__PROBLEM DESCRIPTION__
Can you quote the records below in full, word for word?

__Records from a data source__
——————
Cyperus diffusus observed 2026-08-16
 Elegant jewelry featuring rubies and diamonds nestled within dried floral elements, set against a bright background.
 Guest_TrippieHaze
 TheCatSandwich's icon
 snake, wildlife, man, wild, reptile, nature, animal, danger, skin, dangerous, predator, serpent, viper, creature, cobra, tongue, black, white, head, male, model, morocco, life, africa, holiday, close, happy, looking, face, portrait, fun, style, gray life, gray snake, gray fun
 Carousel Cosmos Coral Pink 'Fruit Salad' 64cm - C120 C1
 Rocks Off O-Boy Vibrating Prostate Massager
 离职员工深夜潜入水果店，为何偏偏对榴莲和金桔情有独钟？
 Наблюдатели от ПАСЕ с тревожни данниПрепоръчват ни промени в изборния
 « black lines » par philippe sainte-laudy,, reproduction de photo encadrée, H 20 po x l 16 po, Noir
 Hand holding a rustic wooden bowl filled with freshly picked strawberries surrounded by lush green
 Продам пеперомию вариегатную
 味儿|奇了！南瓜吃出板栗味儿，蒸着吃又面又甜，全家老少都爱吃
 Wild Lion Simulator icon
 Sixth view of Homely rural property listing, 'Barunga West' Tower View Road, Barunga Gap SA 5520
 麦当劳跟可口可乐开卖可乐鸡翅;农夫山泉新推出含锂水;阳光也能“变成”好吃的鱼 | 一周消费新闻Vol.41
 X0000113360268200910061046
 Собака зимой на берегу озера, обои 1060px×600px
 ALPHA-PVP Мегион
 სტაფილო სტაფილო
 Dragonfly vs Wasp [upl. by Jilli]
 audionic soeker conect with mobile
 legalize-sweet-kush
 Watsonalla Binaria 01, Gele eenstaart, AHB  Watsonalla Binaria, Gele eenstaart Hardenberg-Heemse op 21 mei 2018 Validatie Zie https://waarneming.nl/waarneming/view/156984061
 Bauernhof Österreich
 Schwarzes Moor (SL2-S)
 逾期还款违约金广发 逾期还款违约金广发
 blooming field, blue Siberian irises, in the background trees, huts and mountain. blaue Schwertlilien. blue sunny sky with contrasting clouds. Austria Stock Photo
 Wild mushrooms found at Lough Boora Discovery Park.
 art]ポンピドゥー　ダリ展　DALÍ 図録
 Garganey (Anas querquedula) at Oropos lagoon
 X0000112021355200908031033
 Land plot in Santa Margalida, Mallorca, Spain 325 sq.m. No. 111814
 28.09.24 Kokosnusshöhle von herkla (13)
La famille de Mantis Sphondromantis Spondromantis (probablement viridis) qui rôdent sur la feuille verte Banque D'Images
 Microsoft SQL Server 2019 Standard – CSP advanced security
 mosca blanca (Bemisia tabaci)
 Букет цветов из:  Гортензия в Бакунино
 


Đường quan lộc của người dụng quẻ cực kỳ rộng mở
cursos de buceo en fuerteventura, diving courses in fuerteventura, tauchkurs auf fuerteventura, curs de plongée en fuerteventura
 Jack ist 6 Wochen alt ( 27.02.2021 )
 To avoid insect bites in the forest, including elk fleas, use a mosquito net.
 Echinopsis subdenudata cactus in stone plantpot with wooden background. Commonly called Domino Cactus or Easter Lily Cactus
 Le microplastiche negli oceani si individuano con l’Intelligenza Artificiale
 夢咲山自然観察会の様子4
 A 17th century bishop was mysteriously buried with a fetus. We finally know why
——————
__EXERCISE RESULT__
Cyperus diffusus observed 2026-08-16
 Elegant jewelry featuring rubies and diamonds nestled within dried floral elements, set against a bright background.
 Guest_TrippieHaze
 TheCatSandwich's icon
 snake, wildlife, man, wild, reptile, nature, animal, danger, skin, dangerous, predator, serpent, viper, creature, cobra, tongue, black, white, head, male, model, morocco, life, africa, holiday, close, happy, looking, face, portrait, fun, style, gray life, gray snake, gray fun
 Carousel Cosmos Coral Pink 'Fruit Salad' 64cm - C120 C1
 Rocks Off O-Boy Vibrating Prostate Massager
 离职员工深夜潜入水果店，为何偏偏对榴莲和金桔情有独钟？
 Наблюдатели от ПАСЕ с тревожни данниПрепоръчват ни промени в изборния
 « black lines » par philippe sainte-laudy,, reproduction de photo encadrée, H 20 po x l 16 po, Noir
 Hand holding a rustic wooden bowl filled with freshly picked strawberries surrounded by lush green
 Продам пеперомию вариегатную
 味儿|奇了！南瓜吃出板栗味儿，蒸着吃又面又甜，全家老少都爱吃
 Wild Lion Simulator icon
 Sixth view of Homely rural property listing, 'Barunga West' Tower View Road, Barunga Gap SA 5520
 麦当劳跟可口可乐开卖可乐鸡翅;农夫山泉新推出含锂水;阳光也能“变成”好吃的鱼 | 一周消费新闻Vol.41
 X0000113360268200910061046
 Собака зимой на берегу озера, обои 1060px×600px
 ALPHA-PVP Мегион
 სტაფილო სტაფილო
 Dragonfly vs Wasp [upl. by Jilli]
 audionic soeker conect with mobile
 legalize-sweet-kush
 Watsonalla Binaria 01, Gele eenstaart, AHB  Watsonalla Binaria, Gele eenstaart Hardenberg-Heemse op 21 mei 2018 Validatie Zie https://waarneming.nl/waarneming/view/156984061
 Bauernhof Österreich
 Schwarzes Moor (SL2-S)
 逾期还款违约金广发 逾期还款违约金广发
 blooming field, blue Siberian irises, in the background trees, huts and mountain. blaue Schwertlilien. blue sunny sky with contrasting clouds. Austria Stock Photo
 Wild mushrooms found at Lough Boora Discovery Park.
 art]ポンピドゥー　ダリ展　DALÍ 図録
 Garganey (Anas querquedula) at Oropos lagoon
 X0000112021355200908031033
 Land plot in Santa Margalida, Mallorca, Spain 325 sq.m. No. 111814
 28.09.24 Kokosnusshöhle von herkla (13)
La famille de Mantis Sphondromantis Spondromantis (probablement viridis) qui rôdent sur la feuille verte Banque D'Images
 Microsoft SQL Server 2019 Standard – CSP advanced security
 mosca blanca (Bemisia tabaci)
 Букет цветов из:  Гортензия в Бакунино
 


Đường quan lộc của người dụng quẻ cực kỳ rộng mở
cursos de buceo en fuerteventura, diving courses in fuerteventura, tauchkurs auf fuerteventura, curs de plongée en fuerteventura
 Jack ist 6 Wochen alt ( 27.02.2021 )
 To avoid insect bites in the forest, including elk fleas, use a mosquito net.
 Echinopsis subdenudata cactus in stone plantpot with wooden background. Commonly called Domino Cactus or Easter Lily Cactus
 Le microplastiche negli oceani si individuano con l’Intelligenza Artificiale
 夢咲山自然観察会の様子4
 A 17th century bishop was mysteriously buried with a fetus. We finally know why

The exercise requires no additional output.